## Task instructions
Pictures must not appear in the copy. Restate exactly the lines below from the one with "African Print Back" through the one with "Real Light Green", inclusive.

## Records supplied
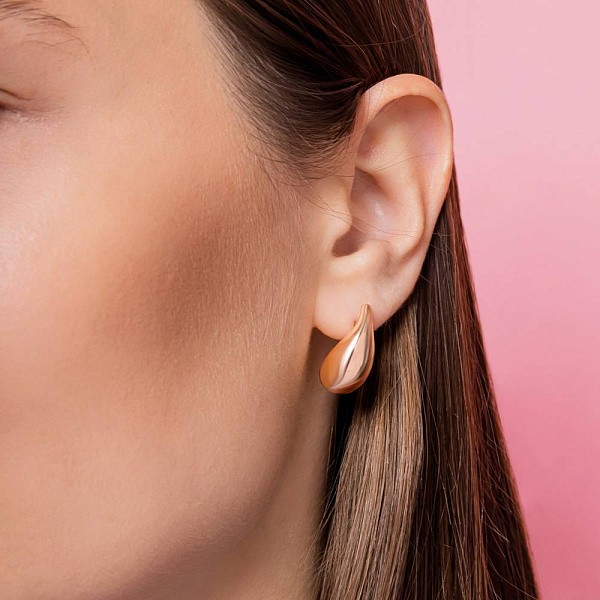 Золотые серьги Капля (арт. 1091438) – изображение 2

---

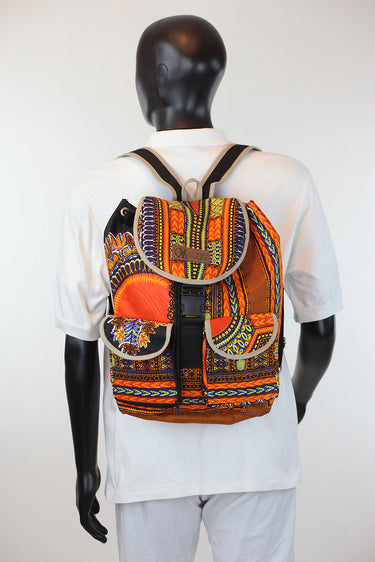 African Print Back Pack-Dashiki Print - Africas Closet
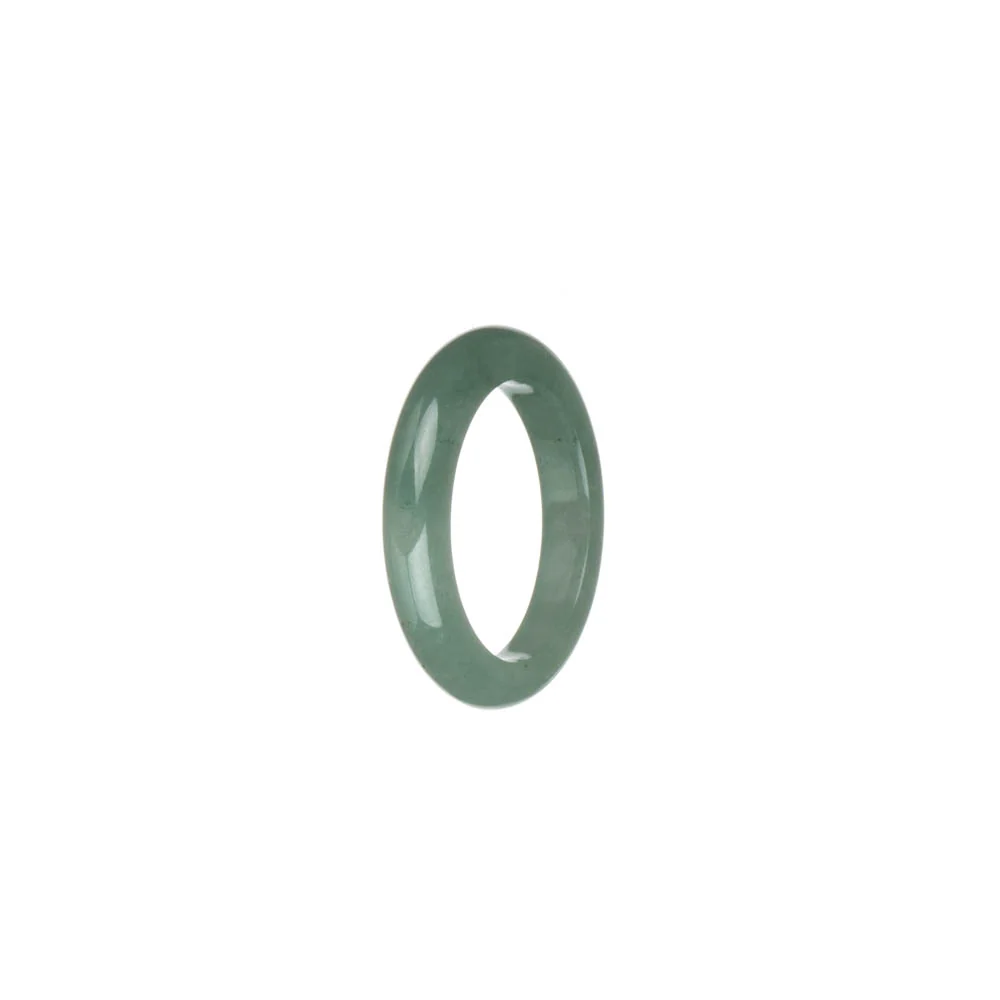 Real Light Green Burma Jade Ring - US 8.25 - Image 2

---

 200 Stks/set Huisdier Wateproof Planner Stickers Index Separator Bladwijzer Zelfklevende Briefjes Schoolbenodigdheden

## Task solution
 African Print Back Pack-Dashiki Print - Africas Closet
 Real Light Green Burma Jade Ring - US 8.25 - Image 2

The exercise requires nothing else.